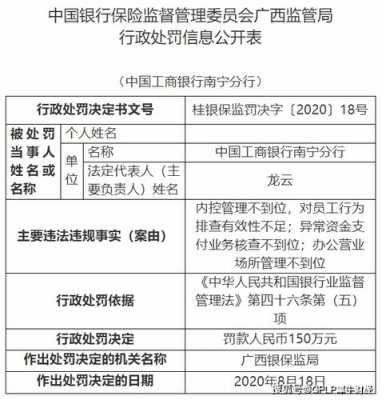 大庆工行违规被罚款（工商银行罚款270万）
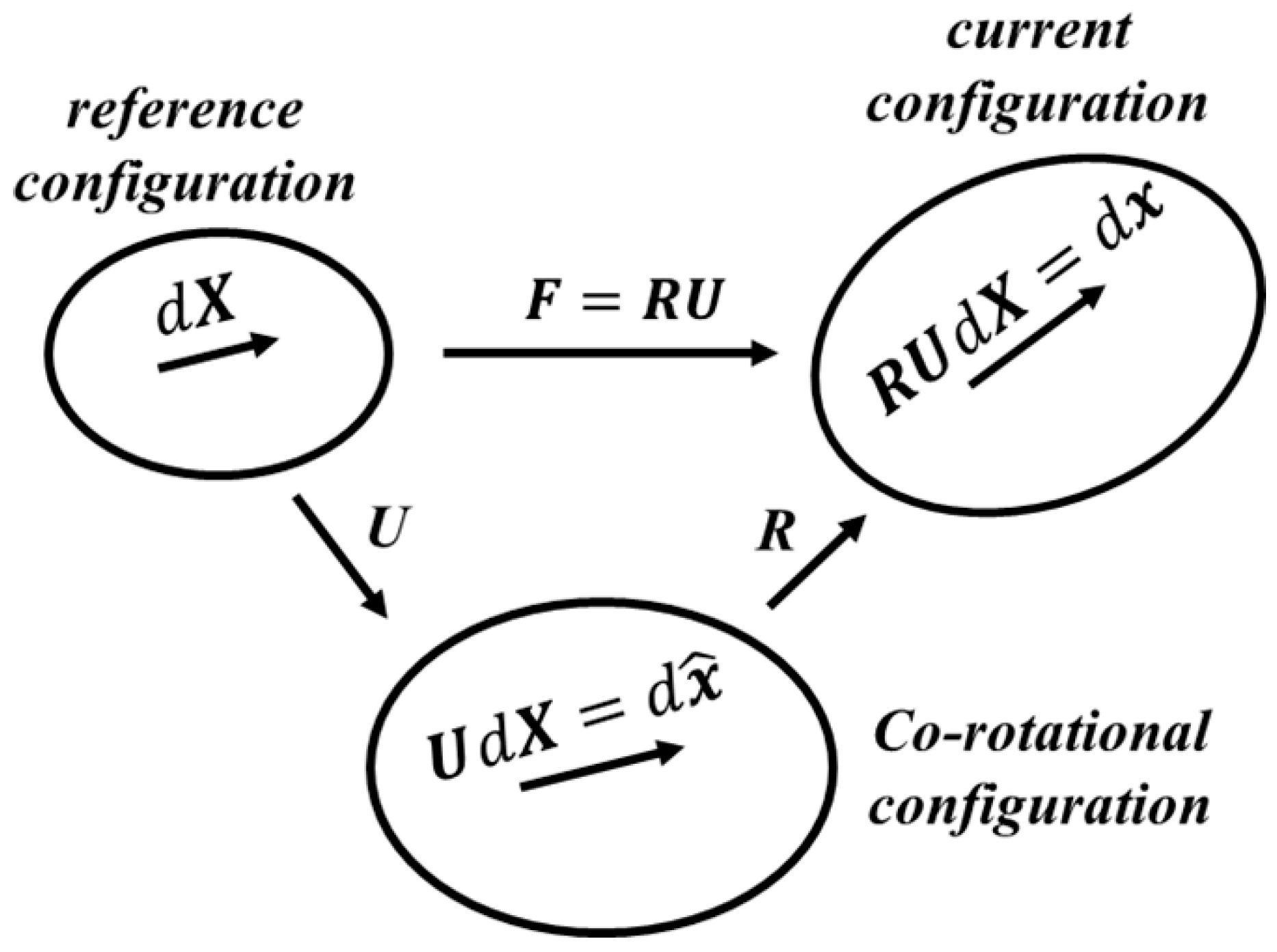 Materials 14 06909 g004
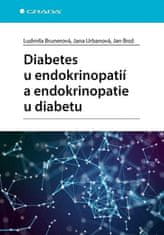 Ludmila Brunerová: Diabetes u endokrinopatií a endokrinopatie u diabetu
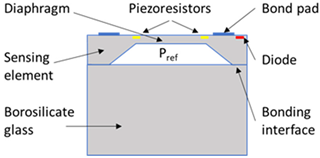 Sensors 20 01727 i001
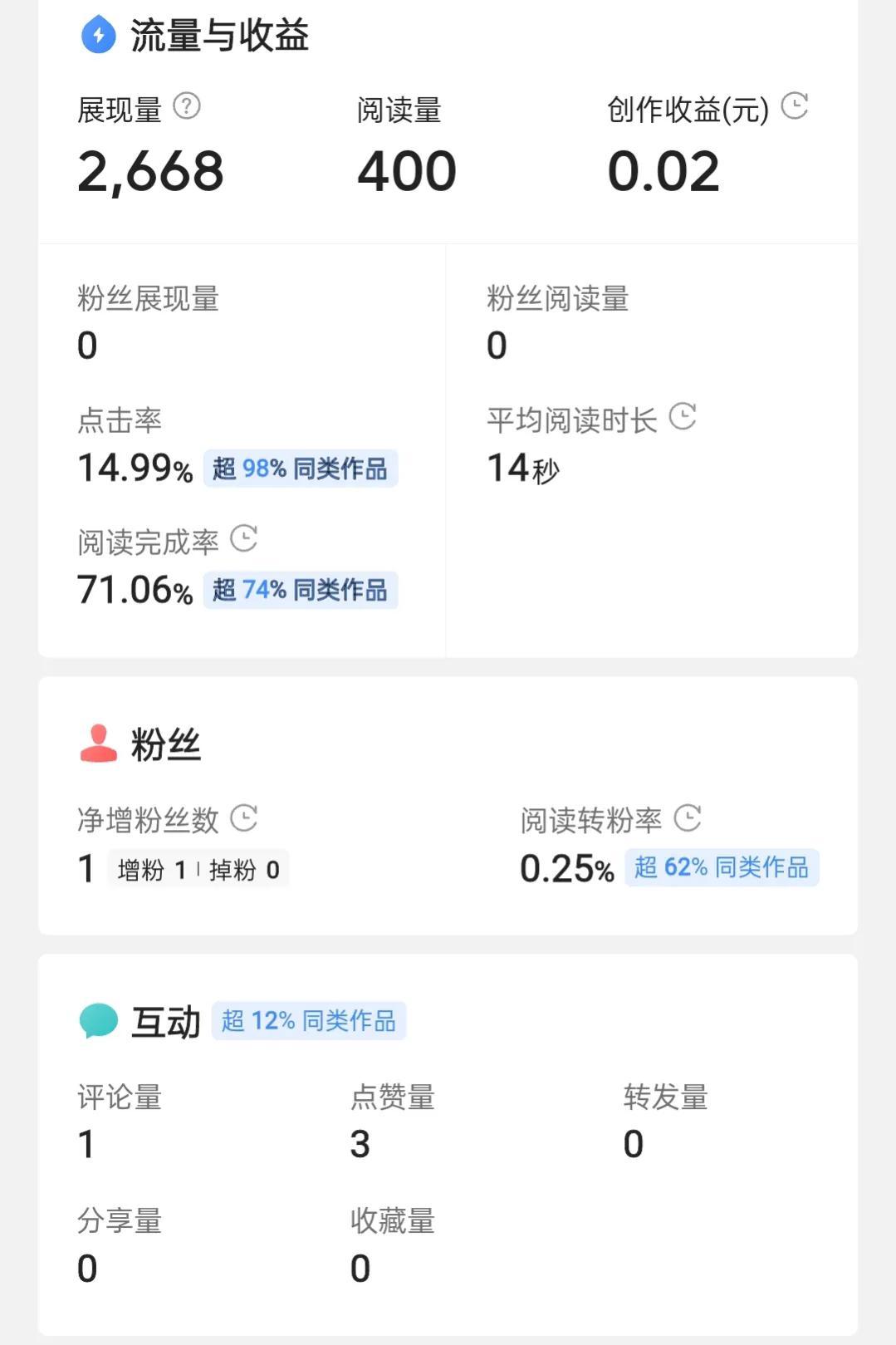 西瓜视频，今日头条，我想放弃了！海外抖音是真的赚钱吗？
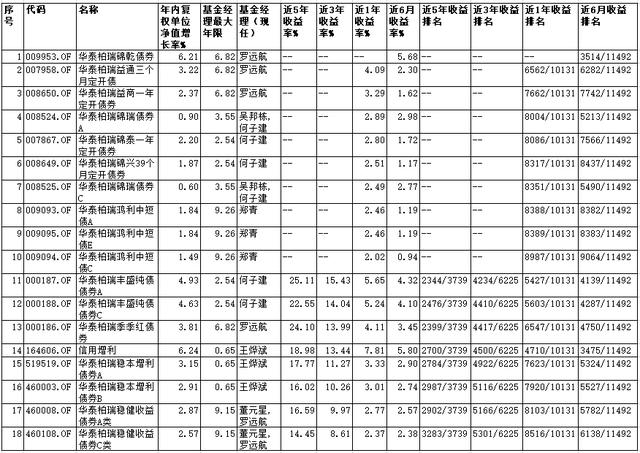 华泰柏瑞基金业绩「000172华泰柏瑞量化增强」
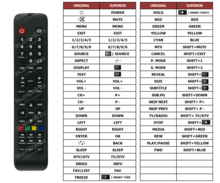 Vervangende Horizon Diamant Serie afstandsbediening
*-*-*
» **Task directions**:
Output the listing above in full and exactly, with pictures excluded.

» **Written reply**:
 大庆工行违规被罚款（工商银行罚款270万）
 Materials 14 06909 g004
 Ludmila Brunerová: Diabetes u endokrinopatií a endokrinopatie u diabetu
 Sensors 20 01727 i001
 西瓜视频，今日头条，我想放弃了！海外抖音是真的赚钱吗？
 华泰柏瑞基金业绩「000172华泰柏瑞量化增强」
 Vervangende Horizon Diamant Serie afstandsbediening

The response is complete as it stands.